Microsoft recently announced DirectStorage’s PC availability in a blog post, and I was immediately excited to try it out.
DirectStorage was developed for the Xbox Series consoles, which have a high-speed NVMe SSD, a hardware decompression engine, and a Unified Memory Architecture (UMA) where the CPU and GPU share the same memory pool. The API was designed to extract the highest throughput from that system, and on Xbox it succeeds at that goal.
But my computer is not an Xbox. To move data from compressed bytes on SSD storage to GPU-readable textures on Xbox, the compressed data goes from the SSD to the hardware decompression engine directly and the hardware decompression engine writes the decompressed stream to the unified memory pool and the data’s ready. On a PC, the GPU and CPU have separate memory pools and there’s no hardware decompression engine, so how does DirectStorage (a performance oriented API) deal with that?

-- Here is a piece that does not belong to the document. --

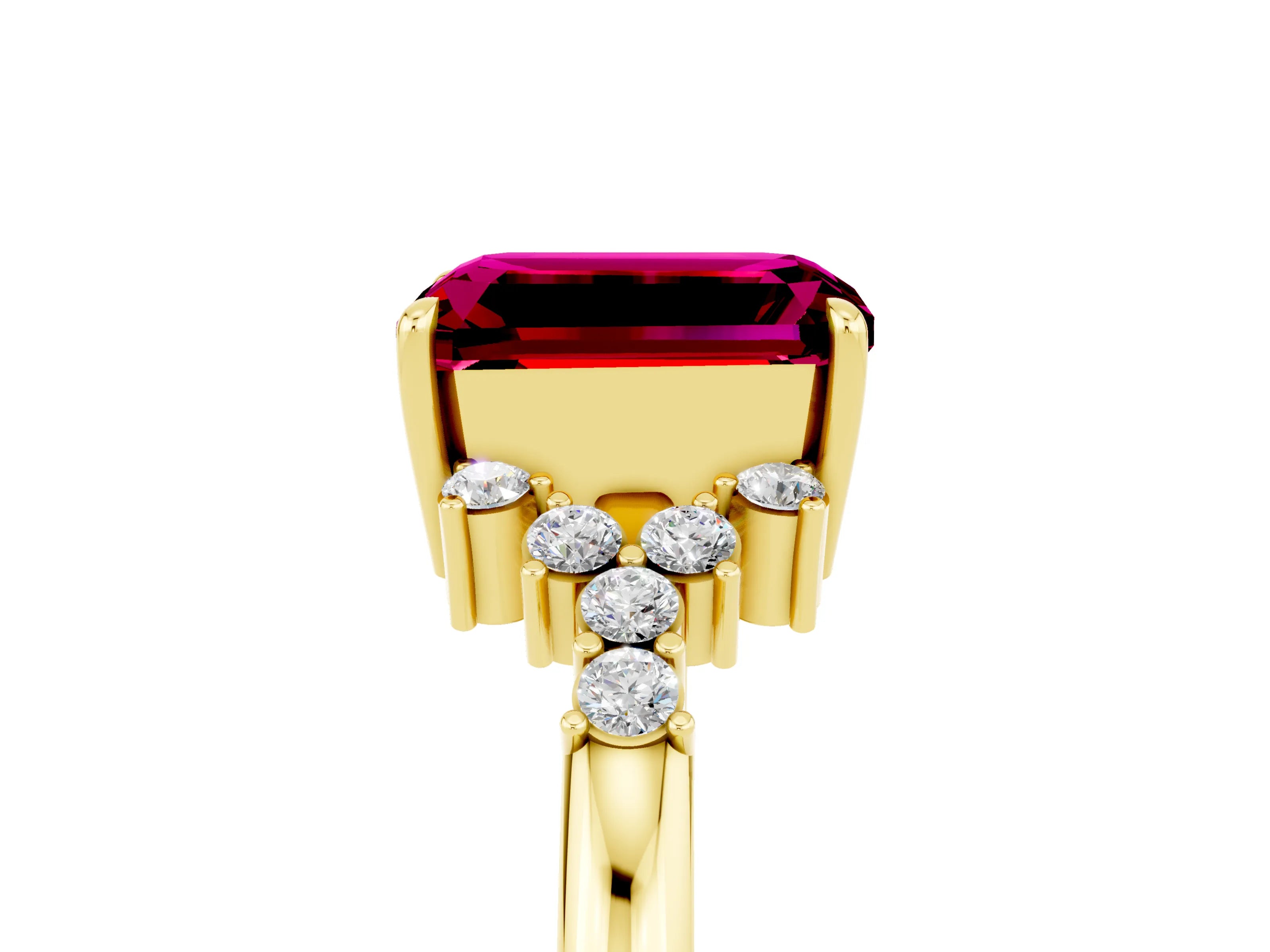 Yellow gold Emerald Cut Garnet Ring with Side Stones and Four-Prong Setting_41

In a performance oriented scenario the data is compressed on-disk, and so a decompression step is required. On PC, there are two paths: either CPU decompression or GPU decompression - while the latter isn’t currently implemented, I won’t hold that against DirectStorage and I’ll explore how both paths work assuming a future version of DirectStorage that does include GPU decompression support, since that’s been announced as something in the works and I want to give DirectStorage the best possible footing in this comparison.

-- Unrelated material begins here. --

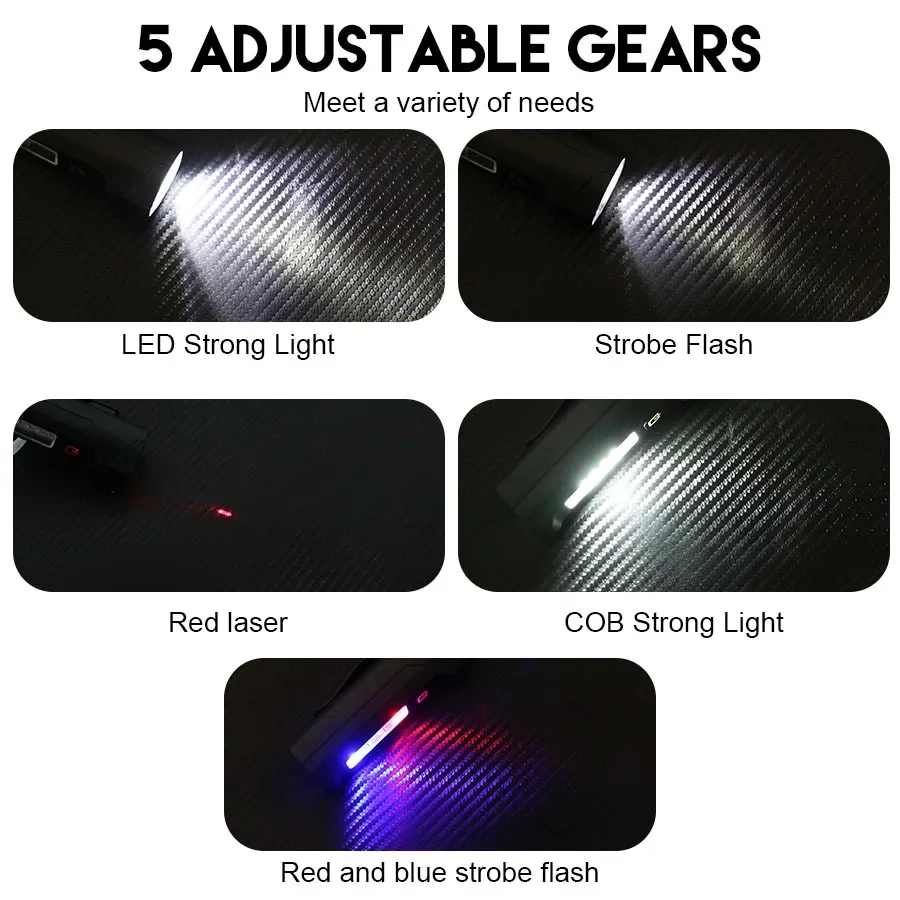 Torcia LED super luminosa Torcia ricaricabile USB Rosso Blu Flash Proiettore COB a doppia sorgente per luce di emergenza da campeggio all'aperto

In the CPU decompression case DirectStorage will move compressed chunks to system memory, and on non-UMA devices which are the majority of high-performance GPUs out there it will run CPU decompression code that writes to an upload / staging heap that is GPU visible, then fire off a copy command list to use the GPU’s copy engine and transfer the data to discrete GPU memory. There’s multiple problems with that approach: first, the upload heap DirectStorage creates is implicit and hidden from the user, and for any high performance code implicit hidden allocations are A Bad Thing. Second, the size of this heap is specified per DirectStorage factory, not per queue - and the size of this heap eats into existing system memory and is a crucial value to tune based on the title’s requirements, graphics detail level, and installed memory size on the client’s device. Third, DirectStorage creates a hidden, implicit copy command queue on your Direct3D 12 device, and if you care about performance the last thing you want is someone else creating queues on your Direct3D12 device and scheduling work on them - yes, Windows is a multitasking OS and the GPU is multiplexed anyway, but when you’re the foreground app you get a boost to that scheduling and DirectStorage will be, in a hidden manner you cannot submit timer queries to, interfering with that.

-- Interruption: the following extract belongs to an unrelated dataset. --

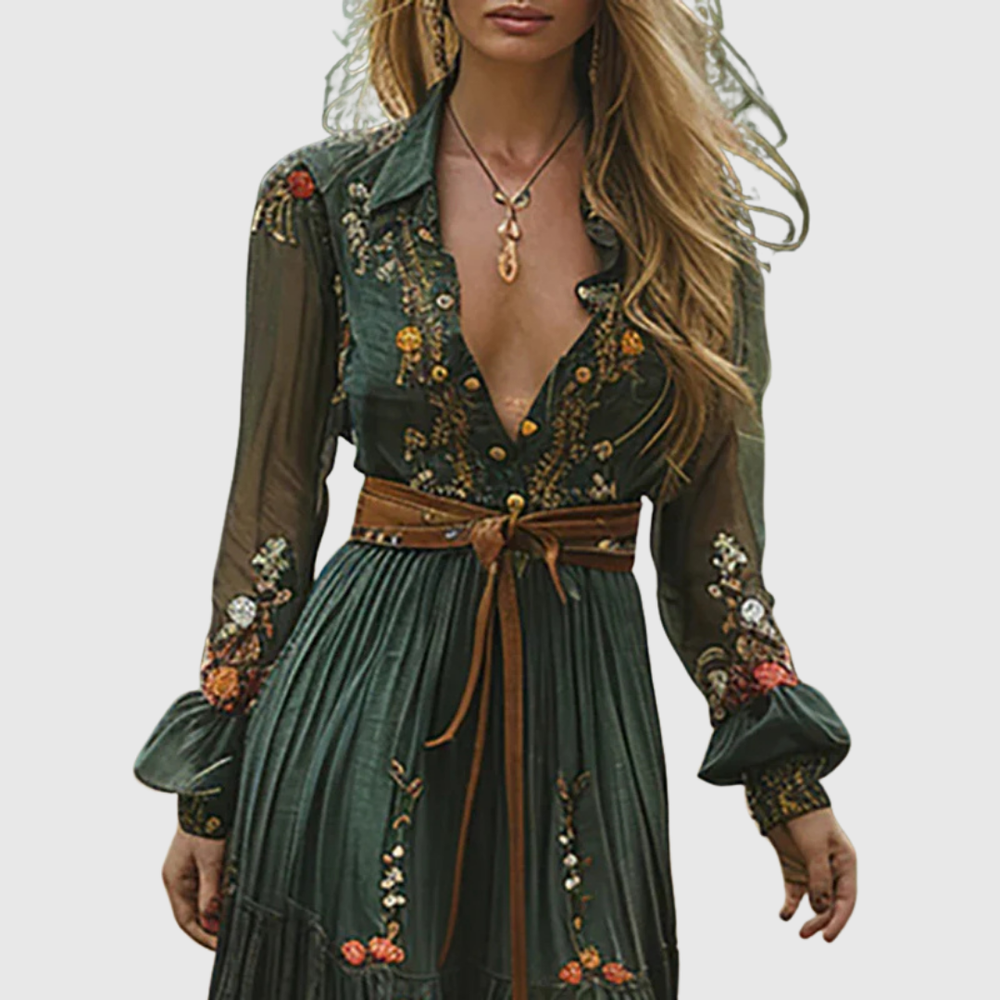 Women’s Long Sleeve V Neck Floral Embroidered Maxi Dress with Waist Belt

In the GPU decompression ideal case DirectStorage will be copying compressed data to video memory directly (yay!) then running its own shader on a (probably) hidden, implicit compute command queue to decompress - and if you didn’t like a hidden, implicit copy queue on your D3D12 device you’ll absolutely hate a surprise compute command queue being scheduled alongside your rendering work. In general, for high performance system level APIs things like allocating memory and running compute must absolutely be under the control of the caller - look at how almost all APIs used in realtime situations like games support custom allocator interfaces. Abstractions aren’t bad, but they don’t belong in lower-level APIs like this. It’s kind of like D3D11 versus D3D12: the average D3D11 application will easily beat the performance of the average D3D12 application, but the best possible D3D12 application will absolutely wipe the floor with the best possible D3D11 application. We need both in our ecosystem.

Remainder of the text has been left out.